# Food, philosophy and science?



## extroextra (Jun 18, 2011)

Does anyone know any book on gastronomy and food culture in relation to contemporary philosophy and science? Or any book on philosophy of food and gastronomy?

As far as I have researched there are not many titles on philosophy and food. There are some but they are either awful cultural observations or pretty much narrow anthropological studies of food and cooking.

I recently came across this forthcoming philosophical volume on cooking and eating titled _Culinary Materialism_, it sounds exciting http://www.urbanomic.com/pub_collapse7.php


----------



## thetincook (Jun 14, 2002)

Jon Thorne

Jim Harrison

Jeffery Steingarten

Robb Walsh

Those four are a good start.
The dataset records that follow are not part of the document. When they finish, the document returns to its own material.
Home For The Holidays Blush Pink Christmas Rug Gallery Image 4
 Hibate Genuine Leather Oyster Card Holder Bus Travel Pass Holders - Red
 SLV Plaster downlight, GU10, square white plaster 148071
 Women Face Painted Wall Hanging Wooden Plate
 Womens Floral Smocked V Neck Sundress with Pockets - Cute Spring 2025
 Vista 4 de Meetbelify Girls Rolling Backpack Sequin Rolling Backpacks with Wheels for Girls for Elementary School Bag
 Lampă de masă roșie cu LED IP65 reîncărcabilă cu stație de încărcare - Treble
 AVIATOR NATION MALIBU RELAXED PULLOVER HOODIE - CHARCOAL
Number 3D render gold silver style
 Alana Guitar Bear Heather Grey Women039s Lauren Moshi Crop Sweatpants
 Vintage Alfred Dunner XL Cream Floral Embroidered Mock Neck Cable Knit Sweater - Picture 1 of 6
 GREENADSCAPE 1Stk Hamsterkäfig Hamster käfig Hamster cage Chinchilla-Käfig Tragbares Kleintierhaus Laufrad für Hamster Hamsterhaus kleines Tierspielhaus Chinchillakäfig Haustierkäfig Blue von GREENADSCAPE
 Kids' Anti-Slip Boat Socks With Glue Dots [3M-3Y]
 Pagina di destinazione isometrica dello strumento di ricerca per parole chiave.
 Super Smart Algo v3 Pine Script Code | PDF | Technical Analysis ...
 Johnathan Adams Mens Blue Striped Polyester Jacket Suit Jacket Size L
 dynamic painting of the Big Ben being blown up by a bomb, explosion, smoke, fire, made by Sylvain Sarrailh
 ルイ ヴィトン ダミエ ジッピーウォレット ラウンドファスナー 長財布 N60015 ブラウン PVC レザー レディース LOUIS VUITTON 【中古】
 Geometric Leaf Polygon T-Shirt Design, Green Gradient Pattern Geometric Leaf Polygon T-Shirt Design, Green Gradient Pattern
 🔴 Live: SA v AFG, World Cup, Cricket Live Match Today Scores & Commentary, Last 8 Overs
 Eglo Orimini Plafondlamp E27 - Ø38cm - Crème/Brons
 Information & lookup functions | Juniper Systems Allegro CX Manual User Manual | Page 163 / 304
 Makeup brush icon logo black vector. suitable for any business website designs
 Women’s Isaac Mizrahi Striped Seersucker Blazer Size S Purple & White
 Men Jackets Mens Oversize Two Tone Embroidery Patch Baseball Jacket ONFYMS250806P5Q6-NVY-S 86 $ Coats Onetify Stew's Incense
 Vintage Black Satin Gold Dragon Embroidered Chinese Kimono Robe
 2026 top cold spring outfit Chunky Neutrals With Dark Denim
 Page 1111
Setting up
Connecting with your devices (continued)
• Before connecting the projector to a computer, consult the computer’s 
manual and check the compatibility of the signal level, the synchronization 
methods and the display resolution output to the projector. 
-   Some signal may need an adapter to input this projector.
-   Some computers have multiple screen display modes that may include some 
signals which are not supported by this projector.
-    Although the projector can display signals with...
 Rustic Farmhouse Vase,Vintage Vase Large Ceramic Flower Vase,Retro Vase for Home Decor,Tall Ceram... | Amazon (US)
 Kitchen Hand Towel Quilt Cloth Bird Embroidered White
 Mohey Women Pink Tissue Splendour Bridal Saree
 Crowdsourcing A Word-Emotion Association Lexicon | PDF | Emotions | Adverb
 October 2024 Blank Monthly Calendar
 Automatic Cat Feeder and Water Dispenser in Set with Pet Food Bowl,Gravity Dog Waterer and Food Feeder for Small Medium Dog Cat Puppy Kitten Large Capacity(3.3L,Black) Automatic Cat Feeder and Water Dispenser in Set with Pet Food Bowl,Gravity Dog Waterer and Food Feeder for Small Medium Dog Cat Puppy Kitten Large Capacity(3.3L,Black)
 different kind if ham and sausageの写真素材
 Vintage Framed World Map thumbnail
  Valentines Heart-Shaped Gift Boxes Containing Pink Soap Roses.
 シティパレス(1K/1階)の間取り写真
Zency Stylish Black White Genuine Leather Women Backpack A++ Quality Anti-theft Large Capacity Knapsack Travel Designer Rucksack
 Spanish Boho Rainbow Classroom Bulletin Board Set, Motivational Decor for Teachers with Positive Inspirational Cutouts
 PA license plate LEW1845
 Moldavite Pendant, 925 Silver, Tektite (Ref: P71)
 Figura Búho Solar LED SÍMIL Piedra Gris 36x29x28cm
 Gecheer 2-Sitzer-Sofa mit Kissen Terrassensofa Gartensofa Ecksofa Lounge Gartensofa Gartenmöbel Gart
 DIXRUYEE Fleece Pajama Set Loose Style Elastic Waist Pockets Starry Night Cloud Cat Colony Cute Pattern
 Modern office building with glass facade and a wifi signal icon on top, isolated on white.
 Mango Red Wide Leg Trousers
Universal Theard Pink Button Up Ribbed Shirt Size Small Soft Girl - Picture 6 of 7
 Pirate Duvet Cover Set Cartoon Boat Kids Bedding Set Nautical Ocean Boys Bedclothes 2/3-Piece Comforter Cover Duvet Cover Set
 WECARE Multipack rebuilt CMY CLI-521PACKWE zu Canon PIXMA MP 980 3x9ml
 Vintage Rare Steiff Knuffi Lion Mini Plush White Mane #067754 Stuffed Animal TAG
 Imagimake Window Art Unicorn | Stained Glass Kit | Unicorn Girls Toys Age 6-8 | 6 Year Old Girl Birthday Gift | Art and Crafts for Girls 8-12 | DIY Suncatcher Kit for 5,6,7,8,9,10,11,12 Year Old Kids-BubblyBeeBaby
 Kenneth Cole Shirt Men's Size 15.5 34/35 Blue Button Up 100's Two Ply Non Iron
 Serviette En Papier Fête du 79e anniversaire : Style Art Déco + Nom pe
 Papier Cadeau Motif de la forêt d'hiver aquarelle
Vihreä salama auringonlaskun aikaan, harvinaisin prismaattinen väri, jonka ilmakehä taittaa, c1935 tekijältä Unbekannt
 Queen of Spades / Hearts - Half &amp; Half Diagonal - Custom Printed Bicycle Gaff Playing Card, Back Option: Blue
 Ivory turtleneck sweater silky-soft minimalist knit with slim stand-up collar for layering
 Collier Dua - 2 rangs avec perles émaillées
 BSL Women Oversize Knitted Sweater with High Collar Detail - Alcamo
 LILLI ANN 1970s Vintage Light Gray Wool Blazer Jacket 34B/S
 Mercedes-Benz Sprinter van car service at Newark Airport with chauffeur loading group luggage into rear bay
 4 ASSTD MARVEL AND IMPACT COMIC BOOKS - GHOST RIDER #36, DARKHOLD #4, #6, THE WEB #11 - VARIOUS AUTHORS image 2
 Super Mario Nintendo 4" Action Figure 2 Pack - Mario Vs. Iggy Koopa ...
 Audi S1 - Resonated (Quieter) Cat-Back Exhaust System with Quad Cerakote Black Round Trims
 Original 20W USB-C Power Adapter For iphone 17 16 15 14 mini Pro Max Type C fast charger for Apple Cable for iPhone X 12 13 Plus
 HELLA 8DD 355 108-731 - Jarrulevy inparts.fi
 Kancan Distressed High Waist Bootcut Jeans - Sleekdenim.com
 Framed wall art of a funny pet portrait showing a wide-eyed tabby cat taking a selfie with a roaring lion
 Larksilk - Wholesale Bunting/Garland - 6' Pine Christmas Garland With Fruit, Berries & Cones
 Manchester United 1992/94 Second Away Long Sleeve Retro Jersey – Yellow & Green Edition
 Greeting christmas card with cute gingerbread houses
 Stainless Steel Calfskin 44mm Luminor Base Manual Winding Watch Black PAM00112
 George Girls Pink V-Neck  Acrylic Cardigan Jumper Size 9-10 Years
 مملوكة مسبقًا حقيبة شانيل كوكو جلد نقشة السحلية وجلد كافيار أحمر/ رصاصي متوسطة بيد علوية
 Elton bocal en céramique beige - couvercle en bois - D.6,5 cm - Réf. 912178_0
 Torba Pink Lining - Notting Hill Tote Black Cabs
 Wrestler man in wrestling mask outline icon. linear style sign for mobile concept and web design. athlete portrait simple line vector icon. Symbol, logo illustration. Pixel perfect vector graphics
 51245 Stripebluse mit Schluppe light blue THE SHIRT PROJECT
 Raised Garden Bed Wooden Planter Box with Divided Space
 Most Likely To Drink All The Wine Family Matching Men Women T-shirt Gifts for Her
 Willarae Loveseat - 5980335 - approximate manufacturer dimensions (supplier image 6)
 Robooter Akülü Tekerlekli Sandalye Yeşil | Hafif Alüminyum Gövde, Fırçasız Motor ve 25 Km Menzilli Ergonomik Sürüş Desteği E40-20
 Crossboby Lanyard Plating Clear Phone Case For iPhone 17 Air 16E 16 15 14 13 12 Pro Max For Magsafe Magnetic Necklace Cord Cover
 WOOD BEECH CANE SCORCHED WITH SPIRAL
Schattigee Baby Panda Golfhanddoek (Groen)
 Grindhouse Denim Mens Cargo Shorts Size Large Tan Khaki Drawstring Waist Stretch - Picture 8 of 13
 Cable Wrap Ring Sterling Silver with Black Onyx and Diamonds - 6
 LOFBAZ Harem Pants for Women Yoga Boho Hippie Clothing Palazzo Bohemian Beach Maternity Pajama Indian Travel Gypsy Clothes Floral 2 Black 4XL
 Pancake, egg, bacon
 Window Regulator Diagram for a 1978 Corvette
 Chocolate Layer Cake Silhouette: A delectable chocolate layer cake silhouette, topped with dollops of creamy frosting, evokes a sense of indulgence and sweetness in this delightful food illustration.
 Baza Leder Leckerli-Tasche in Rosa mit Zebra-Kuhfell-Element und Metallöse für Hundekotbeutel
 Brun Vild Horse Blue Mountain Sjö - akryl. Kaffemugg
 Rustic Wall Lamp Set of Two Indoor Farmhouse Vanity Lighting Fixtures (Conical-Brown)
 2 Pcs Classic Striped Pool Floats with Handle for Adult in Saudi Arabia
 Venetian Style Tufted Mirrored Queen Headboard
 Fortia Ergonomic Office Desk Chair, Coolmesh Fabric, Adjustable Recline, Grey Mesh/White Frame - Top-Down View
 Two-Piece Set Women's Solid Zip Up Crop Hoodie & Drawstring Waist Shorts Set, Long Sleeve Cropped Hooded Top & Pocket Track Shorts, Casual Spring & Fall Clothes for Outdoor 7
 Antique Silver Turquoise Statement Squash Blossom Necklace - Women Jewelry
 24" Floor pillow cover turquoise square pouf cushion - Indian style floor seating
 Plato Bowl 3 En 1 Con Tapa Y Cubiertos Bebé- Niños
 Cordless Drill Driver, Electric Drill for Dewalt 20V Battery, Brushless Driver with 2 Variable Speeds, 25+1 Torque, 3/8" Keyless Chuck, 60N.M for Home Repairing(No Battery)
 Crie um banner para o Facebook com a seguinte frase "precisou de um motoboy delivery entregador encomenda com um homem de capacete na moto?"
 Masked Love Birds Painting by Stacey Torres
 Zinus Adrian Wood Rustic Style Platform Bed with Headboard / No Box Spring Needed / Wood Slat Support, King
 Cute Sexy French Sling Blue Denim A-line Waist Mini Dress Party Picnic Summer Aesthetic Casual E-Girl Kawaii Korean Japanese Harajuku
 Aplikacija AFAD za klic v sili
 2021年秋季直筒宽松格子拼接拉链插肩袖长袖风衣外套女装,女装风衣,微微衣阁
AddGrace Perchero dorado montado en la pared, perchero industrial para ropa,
There are lots of good ones that I can't remember.

Jeremiah Tower's memior is really good too. Just FYI, he's really gay. The meeting with James Beard took me by shock...

Speaking of which some of the material in James Beard's book's you might find useful.

Other books...

Hmm, The Fourth Star is pretty good.

There is another one about the history of the American restaurant that was exceptional. It covered things like Restaurant Associates, 4 Seasons, the French refugees from the World's Fair and all the restaurants they founded, Le Circe, and I think they even covered Delmonico's. Can't remember the title or author, sorry.

Heat has some sections that might interest you.


----------



## thetincook (Jun 14, 2002)

Brillat-Savarin goes without saying, of course.


----------



## philosopher (Jun 20, 2011)

While there is a small but growing number of philosophers who are willing to come out as philosophers of food (myself among them), there is a larger number of philosophers who write on one of the many subjects that properly belong to this field of philosophy. Good staring books in this subject are written by philosophers who are philosophers of food and not simply dabblers. They include:

_Food For Thought: Philosophy and Food_ by Elizabeth Tefler. Routledge, 1996.

_Making Sense of Taste: Food and Philosophy _by Carolyn Korsmeyer. Cornell University Press, 1999.

Collections of work on Food and Philosophy tend to cast the net wider than those with a doctorate in philosophy. Among the collections on food and philosophy with both bespoke papers and short excerpts of other works are _Food and Philosophy_ edited by Fritz Allhoff and Dave Monroe, Blackwell, 2007 and _Cooking, Eating and Thinking: Transformative Philosphies of Food_, edited by Deane W. Curtin and Lisa M. Heldke, published by Indiana UP, 1992. Barry Smith edited a collection of papers on the philosophy of wine entitled, _Questions of Taste: The philosophy of wine, _2007, Oxford UP. There is also a lovely book called Food: a history of taste which is a collection of articles on the subject. I say "lovely" because it includes wonderful illustrations.

Feel free to visit my site at www.philosopheroffood.com for further philosophy of food links. On my blog Food Theory Applied, I try to explore the place where food theory and practice meet. So, I adore chefs and cooks who are all about the provenance of their ingredients and invite us to taste some of the story they've cooked into the dish, as well as philosophers and other theorists who have a little food practice on the side so that they can integrate/ground their theory in the three dimensionally extended world. (At least they should not be squeamish in the presence of a caper.)


----------



## philosopher (Jun 20, 2011)

(I thought I had just posted this but since it has not appeared, I'm trying again. Apologies if two similar postings appear. I'm just learning the ropes here...)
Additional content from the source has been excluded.